FOREIGN KEY and Relationships


FOREIGN KEY and Relationships

Definition: A FOREIGN KEY is a field (or collection of fields) in one table that refers to the PRIMARY KEY in another table. It is the tool used to link two tables together and establish a relationship between them.

Learning Outcome: Establishing table relationships is a vital SQL skill. In a relational database, data is split into multiple tables to avoid redundancy. Foreign keys ensure "Referential Integrity," meaning the database will prevent you from creating a link to a record that doesn't exist.


Example: Linking Courses and Enrollments

In this example, we have a courses table and an enrollments table.

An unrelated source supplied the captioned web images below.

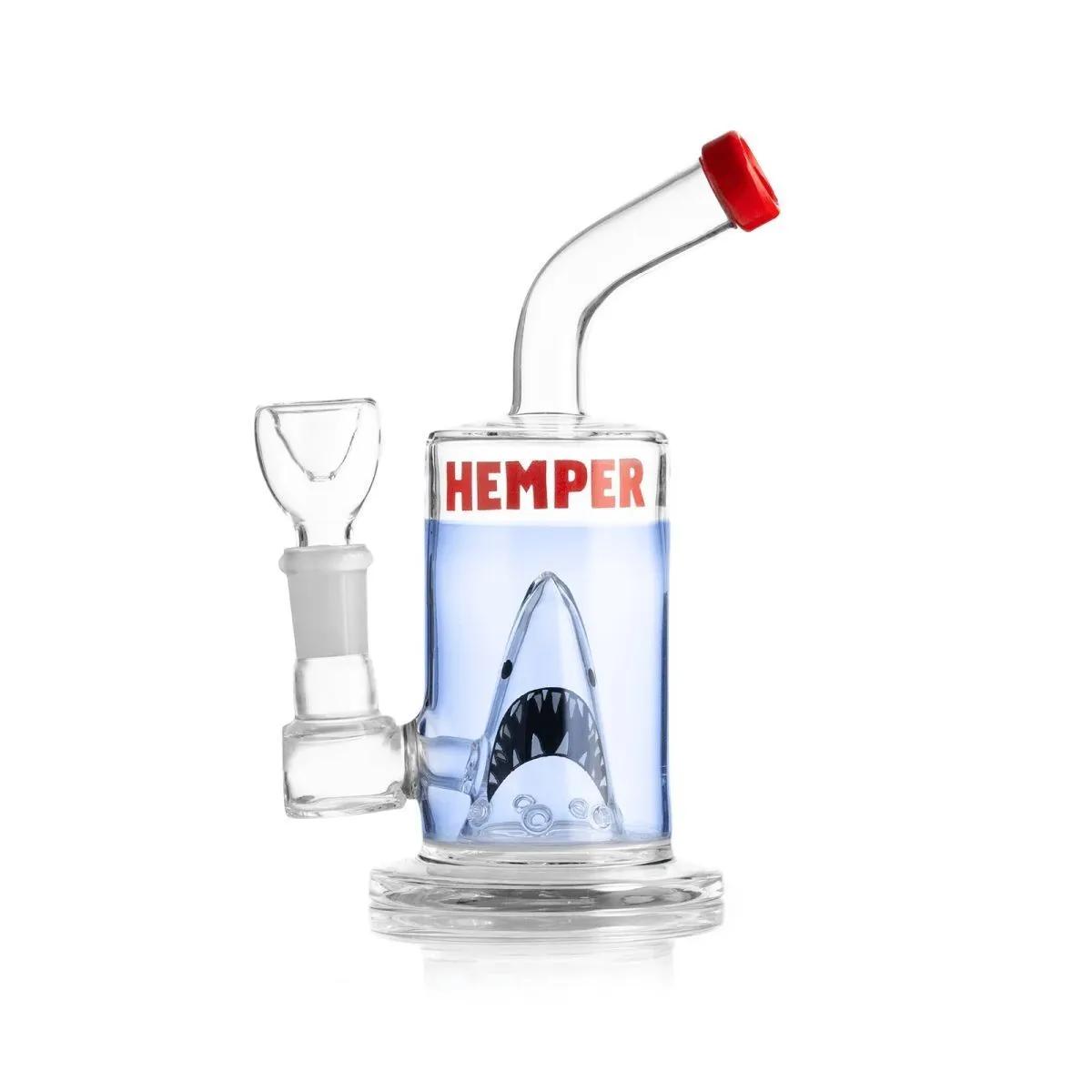 Hemper Shark Rig – Glasbong i haj-design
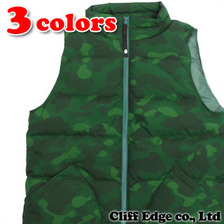 A BATHING APE COLOR CAMO DOWN VEST 1A30-140-011画像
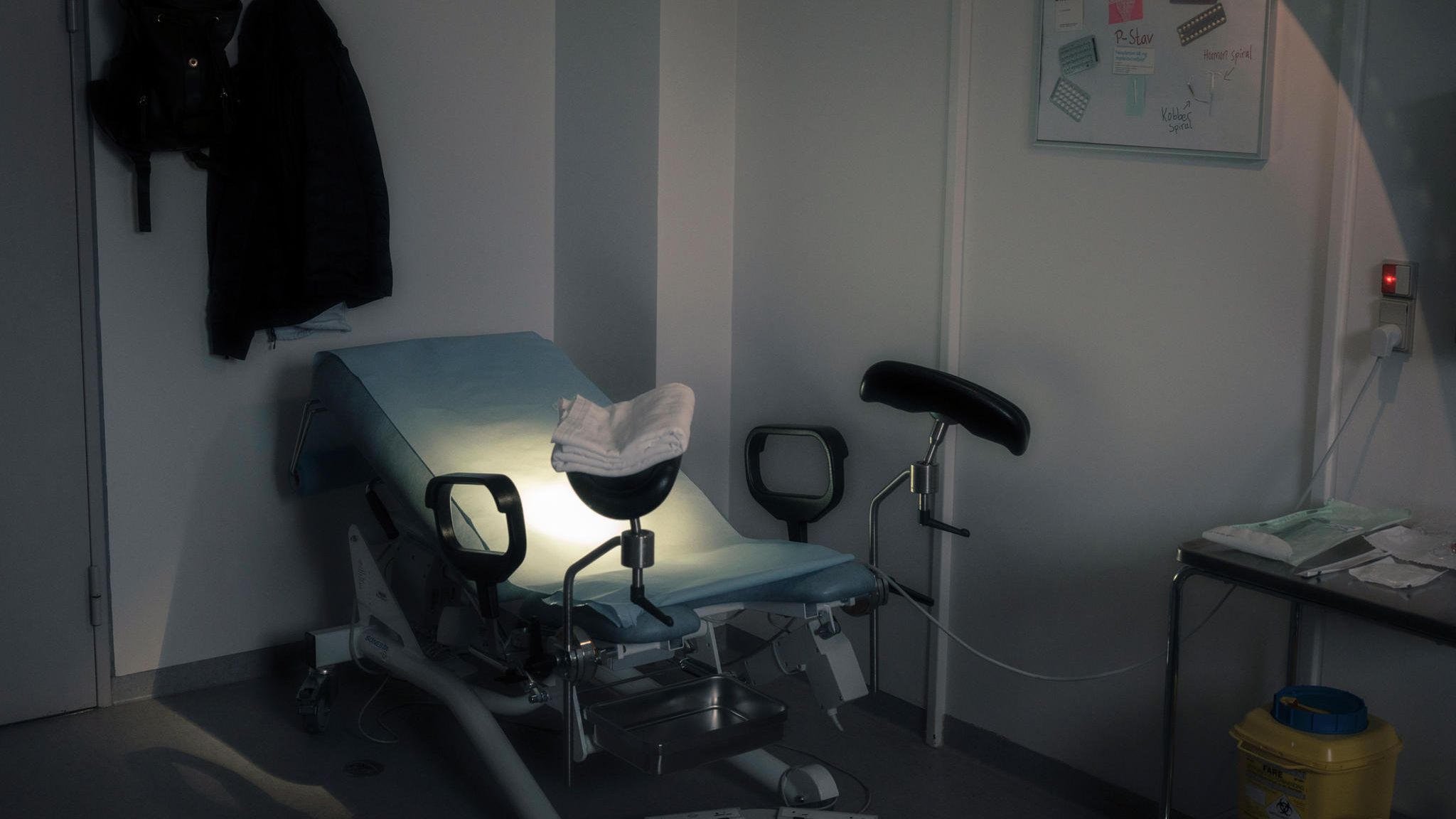 Grönland: Gynäkologenstuhl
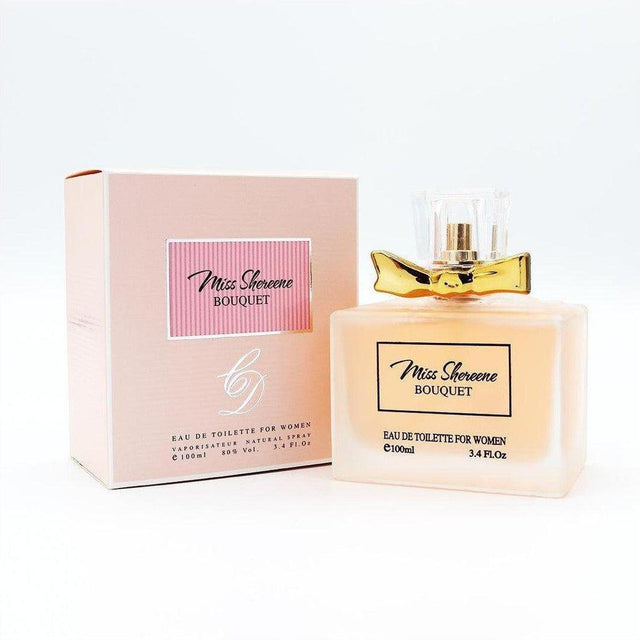 Cosmo Designs Miss Shereene Bouquet Eau De Toilette 100ml - Cosmetics Fragrance Direct -3587925338656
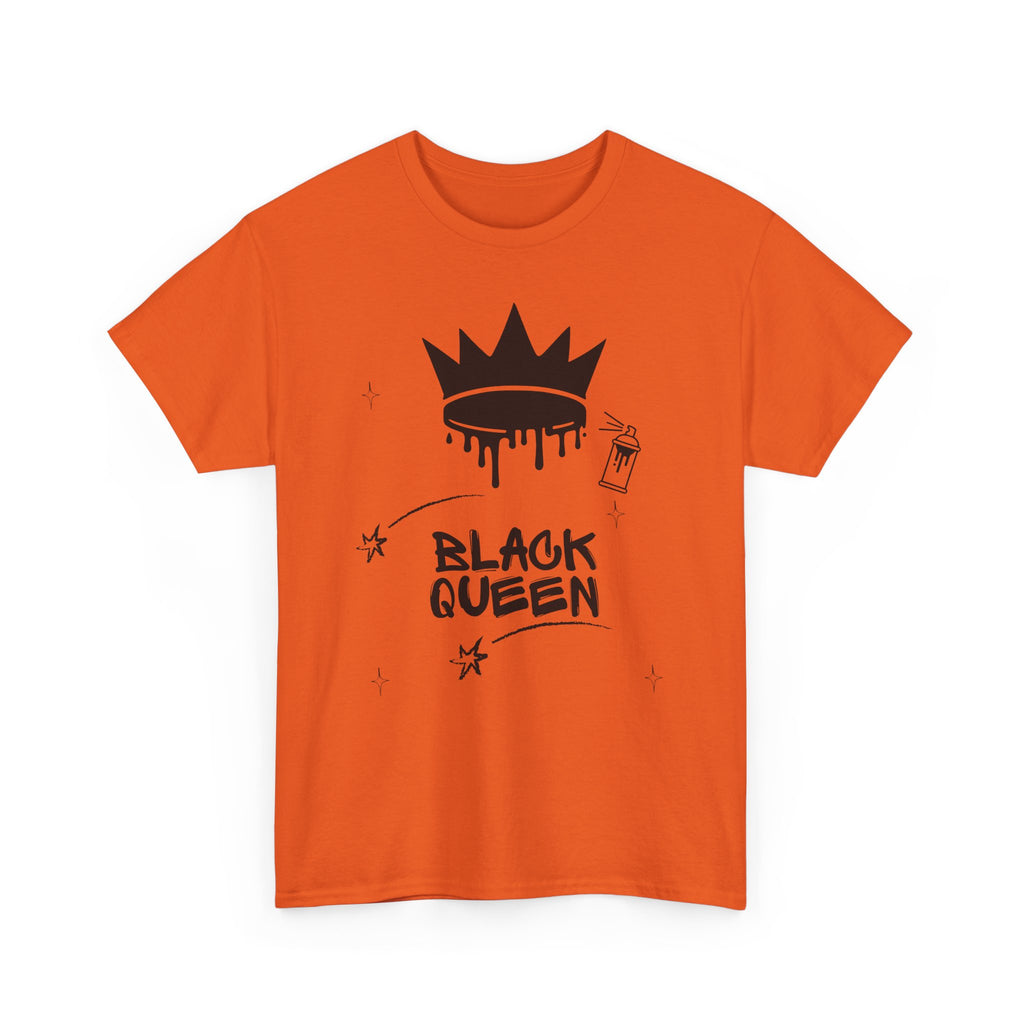 Black Queen Cotton Tee Shirt
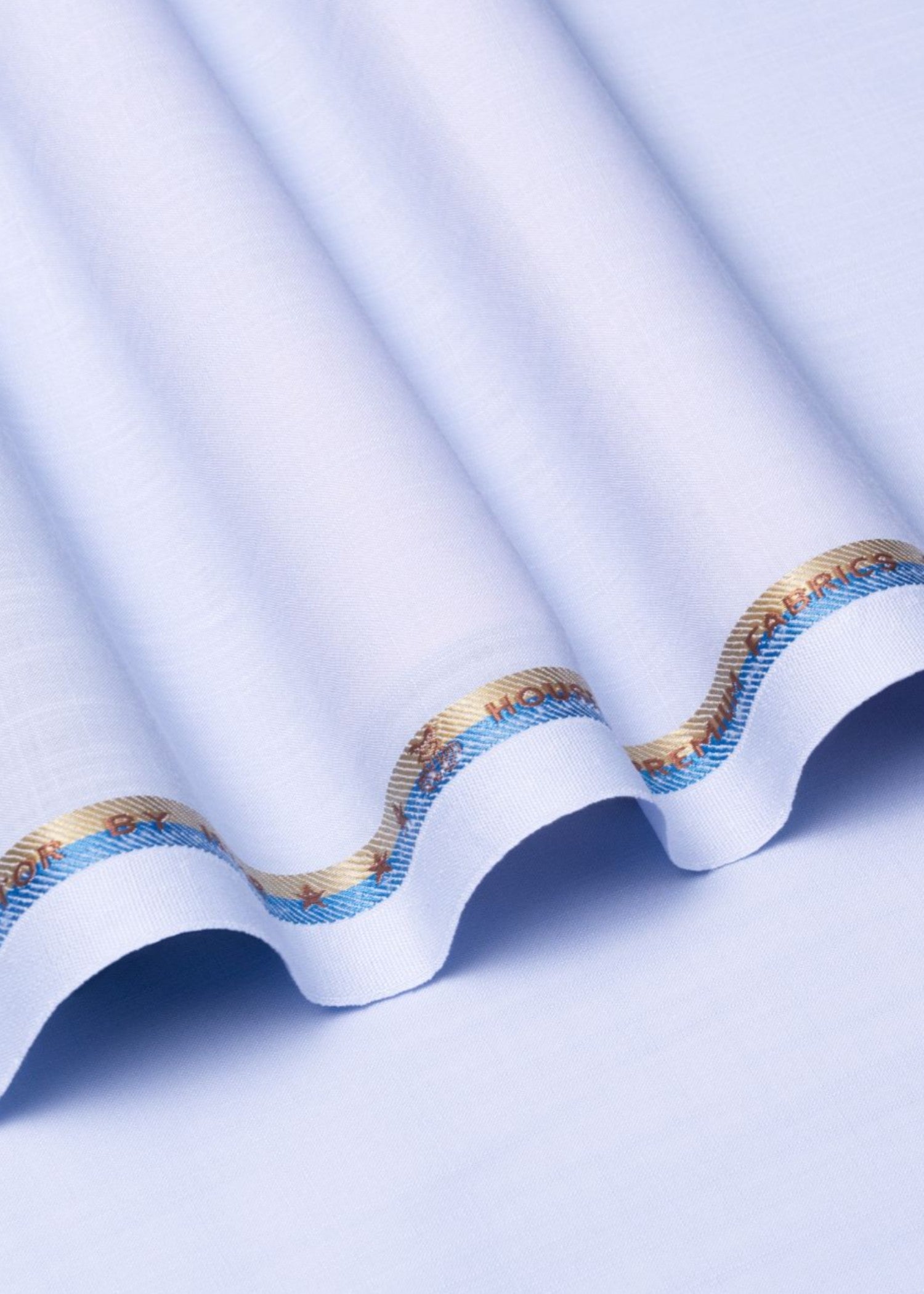wash & wear Unstitched in Blue lagoon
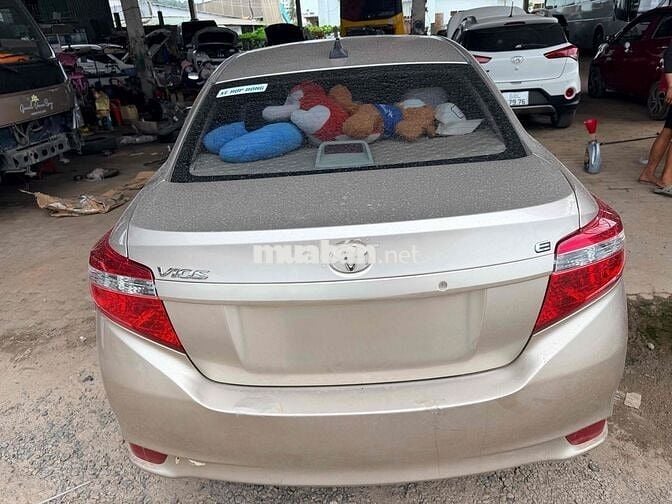 Vios số sàn 2018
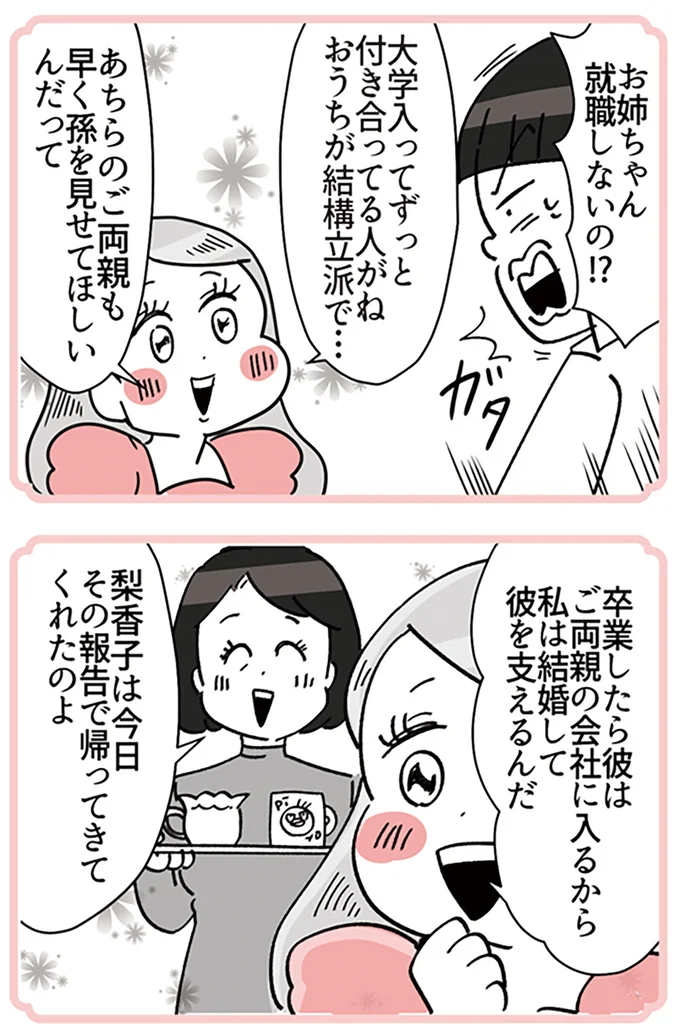 就職しないの!?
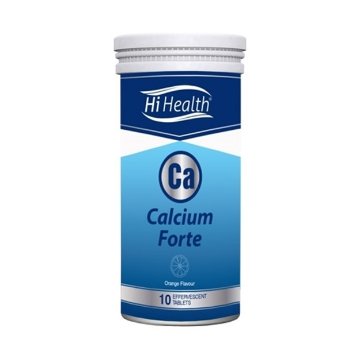 تصویر  قرص جوشان کلسیم فورت های هلث - 10 عددی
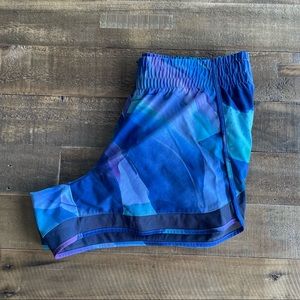 Athleta Mesh Racer Run 4” Short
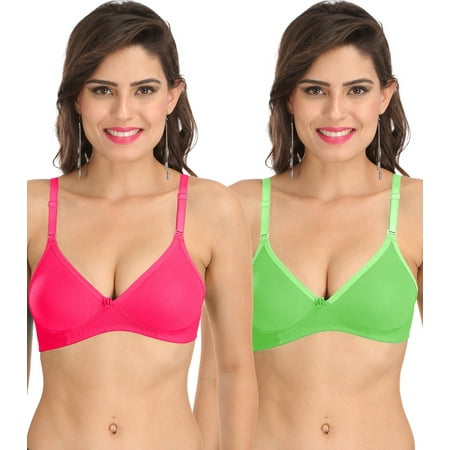 Ossirrio Women s Everyday Non Padded Non Wired 3/4th Coverage T-Shirt Bra with Free Transparent Strap
Ossirrio Women s Everyday Non Padded Non Wired 3/4th Coverage T-Shirt Bra with Free Transparent Strap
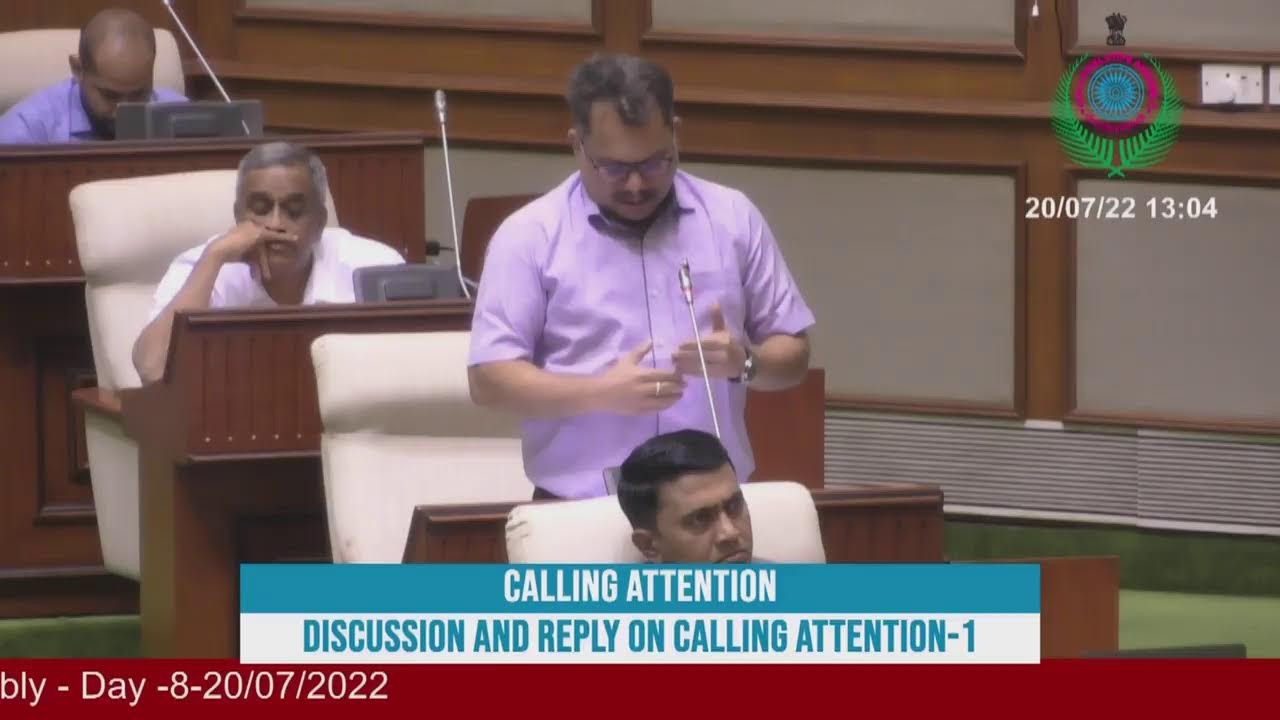 Day 8 - Assembly Session Live 20 July, 2022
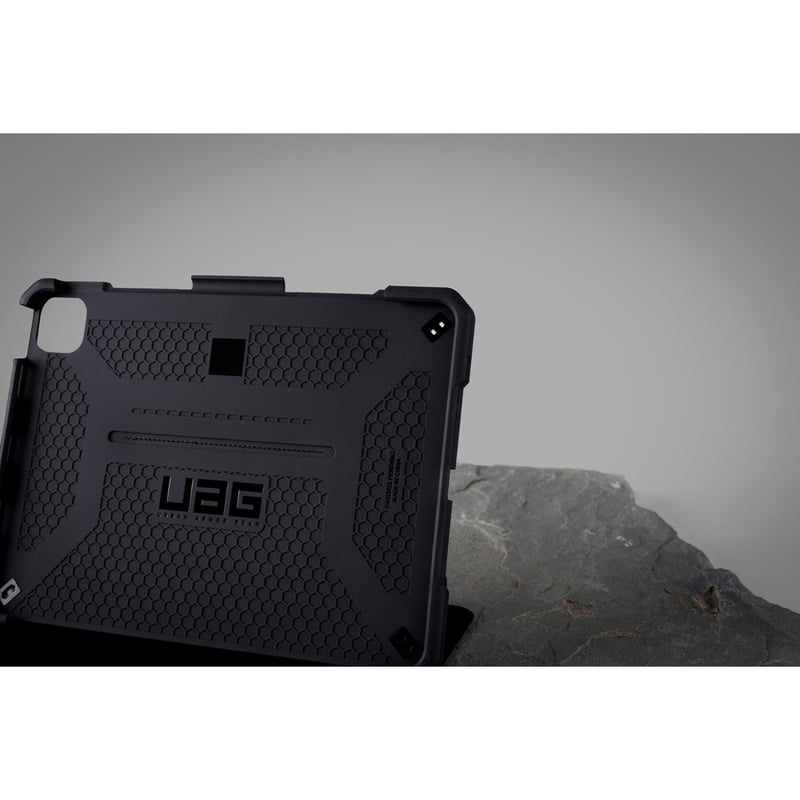Urban Armor Gear Metropolis SE Rugged Carrying Case (Flip) for 10.9" to 11" Apple iPad Air (4th Generation), iPad Air (5th Generation), iPad Pro, iPad Pro (2nd Generation), iPad Pro (3rd Generation) Tablet - Black - Thumbnail 4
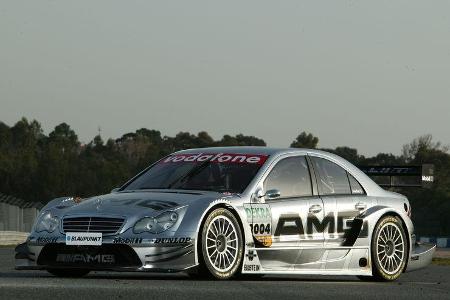 DTM - Mercedes - 2004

The enrollments table uses a foreign key to point back to the specific course a student is taking.

CREATE TABLE courses (
    course_id INT PRIMARY KEY,
    course_name VARCHAR(50)
);

CREATE TABLE enrollments (
    id INT PRIMARY KEY,
    student_id INT,
    course_id INT,
    FOREIGN KEY (course_id) REFERENCES courses(course_id)
);

How It Works

  • Parent Table: The courses table is the "Parent." It holds the master list of all available courses.
  • Child Table: The enrollments table is the "Child." It "borrows" the course_id from the parent table to show which course a student is enrolled in.
  • The Constraint: Because of the FOREIGN KEY, you cannot add an enrollment for a course_id that does not exist in the courses table.

Types of Relationships

Relationship Type Description Real-World Example
One-to-One Each row in Table A relates to exactly one row in Table B. A User and their User Profile.
One-to-Many One row in Table A can relate to many rows in Table B. One Department having many Employees.
Many-to-Many Multiple rows in Table A relate to multiple rows in Table B. Students and Courses (joined by an Enrollment table).

Key Notes

  • Data Integrity: Foreign keys prevent "orphan records." For instance, the database can be set to prevent you from deleting a course if there are still students enrolled in it.
  • Indexing: Most databases automatically create an index on foreign keys, which makes searching for related data across tables much faster.
  • Naming Convention: It is a common professional practice to name the foreign key column the same as the primary key it references (e.g., course_id references course_id).